At the state government level, business grants are tied to a specific agency’s goals. They typically serve regional economies and promote specific areas such as clean energy development. For example at Connecticut Innovations, Phyllis Pierce, founder and CEO of My Luck Club, received $25,000 from this state agency for her company. A good starting point is to look at the directory of online economic development agencies by state for specific geographic areas.
Business Plan Competitions
As entrepreneurship becomes popular, there are increasingly more business plan competitions that have big prizes. Many of these are sponsored by universities that want to promote their schools. Jonathan Weber won $10,000 for his application, eDentified, a powerful people search engine, at the Pennsylvania State System of Higher Education (PASSHE) Student Business Plan Competition.

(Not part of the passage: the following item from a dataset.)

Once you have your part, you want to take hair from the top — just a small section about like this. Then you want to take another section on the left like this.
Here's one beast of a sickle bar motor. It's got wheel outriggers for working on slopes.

Corporations are also getting involved in small-business competitions with prizes up to $250,000 as a way to support local communities. Quiana Cordé, founding member of Barazzo, won $25,000 at a Miller Lite competition. Many local incubators sponsor contests as well. For example, Pet Cooler Carrier just won the People’s Choice Award in St. Louis at Start Up Connection.
Some countries are giving grants to attract American entrepreneurs. Aljosha Novakovic left the startup world of Palo Alto, California, to run his company, Medko Health from Santiago, Chile. He participated in Start-Up Chile, a program designed to attract startups to Chile, which provided $40,000 in equity-free seed capital for participating companies.
Inside Your Company
There's also “free” cash flow inside every company. The quicker cash is received or the later it's paid out, the higher your end-of-month balances will be.
1. Cut payment terms or collect money upfront. Remember, credit is a privilege. Try to get payments in advance or at the time of product delivery. Cut the length of time that accounts receivable is due to the company by at least a week. For example, if the company does an average of $100,000 a month and typically collects payment in 30 days, cutting collection by one week can add $25,000 of cash flow to the company account.
2. Extend accounts payable. Don’t pay late, but negotiate longer terms to pay company bills. For example, if expenses are $50,000 a month and the company typically pays in 28 days, sending payment instead in 35 days will add $12,500 of cash flow to the company account.
3. Cut inventory. The more products that are in inventory for a longer period of time, the more cash they consume from the company. Try to keep inventory levels down and still meet the targeted fill rate. Look at inventory turns, reorder points, and the amount being reordered at any time. For example, if a company typically stocks five items that cost $100 each, if it's able to reduce inventory to four items, that will add $100 of cash flow to the company account.
Where have you found free money inside and outside your business?